A Vermont resident has sued Yahoo for allegedly violating consumer protection and privacy laws in New York and California with ConnectID -- an ad-targeting mechanism that tracks users based on encrypted email addresses.

“Through Yahoo ConnectID ... Yahoo has been secretly harvesting and monetizing directly identifiable user data from millions of U.S. residents without their knowledge and consent,” Tyler Baker alleges in a class-action complaint filed late last week in U.S. District Court for the Southern District of New York.

“Yahoo knowingly and intentionally developed persistent, unique identifiers to track plaintiff and class members across internet-connected services, despite knowing these types of identifiers were at odds with users’ expectation of privacy,” Baker adds.

The complaint includes a claim that Yahoo dupes consumers by failing to fully inform them about ConnectID -- which was launched in 2020 and allegedly enables tracking even if users delete third-party cookies or reset mobile identifiers.

“Rather than relying on cookies or mobile identifiers, the Yahoo ConnectID is an email-based persistent identifier,” the complaint alleges.

“When a user logs in or provides an email ... to an online service offered by Yahoo or one of its partners, Yahoo intercepts and assigns a Yahoo ConnectID to that user based on their email address.,” Baker adds. “The Yahoo ConnectID is privacy-invasive because it is a work-around to privacy mechanisms designed to prevent this type of user-based tracking.”

The complaint alleges that Yahoo combines the ConnectID data with other information in order to “create comprehensive user profiles” that are used for ad targeting.

Baker contends Yahoo deceptively fails to tell people that ConnectID is “tied directly” to their personally identifiable information.

Yahoo's privacy policy “expressly states that it does 'not share personally identifiable information (like phone number or email address) with . . . partners, such as publishers, advertisers, ad agencies, or analytics partners,'” the complaint alleges.

“While Yahoo may not disclose email addresses directly, it intercepts and maps them directly to ConnectID, a persistent identifier that it does share with others.

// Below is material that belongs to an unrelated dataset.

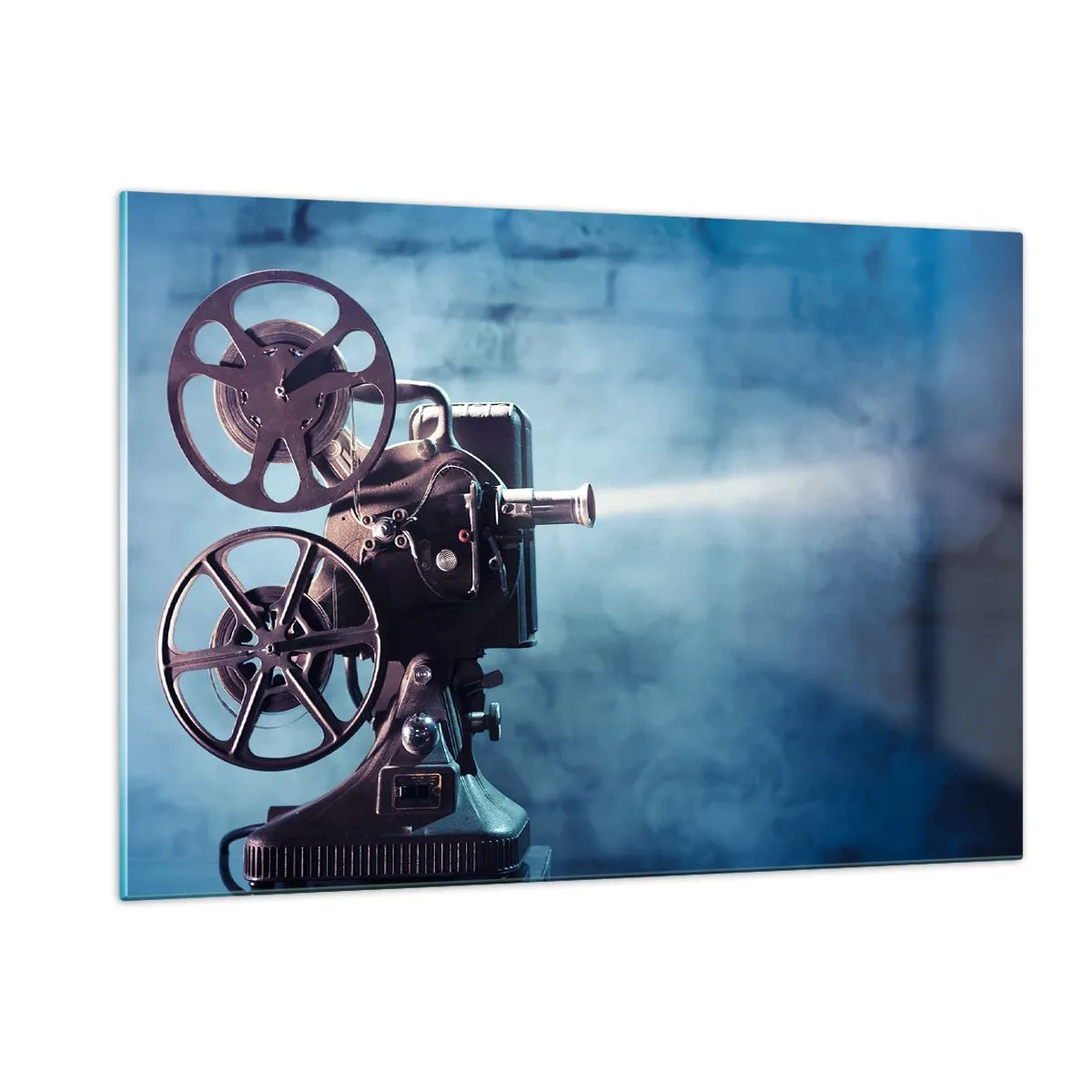 Glasbild - Bild auf glas - Eine Filmkamera im Retro-Stil vor einer blauen Wand - 120x80cm - Im alten Kino - Moderne Wanddekoration für Wohnzimmer und Schlafzimmer ARTTOR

This translation is akin to (and no better than) sharing the email address itself,” the complaint alleges.

Baker also contends that even though Yahoo encrypts email addresses, the data “remains identifiable.”

“While ConnectID does not itself contain the users’ actual email address or phone number, it serves as the functional equivalent of those values based on its direct mapping to them,” the complaint alleges, adding that the Federal Trade Commission warned last July that hashes “are not 'anonymous' and can still be used to identify users.”

The complaint also alleges that Yahoo makes “misleading at best” statements to publishers by telling them “they need not concern themselves with obtaining user consent because it already provides 'multiple mechanisms' for users to manage their privacy choices.”

Yahoo hasn't yet responded to MediaPost's request for comment.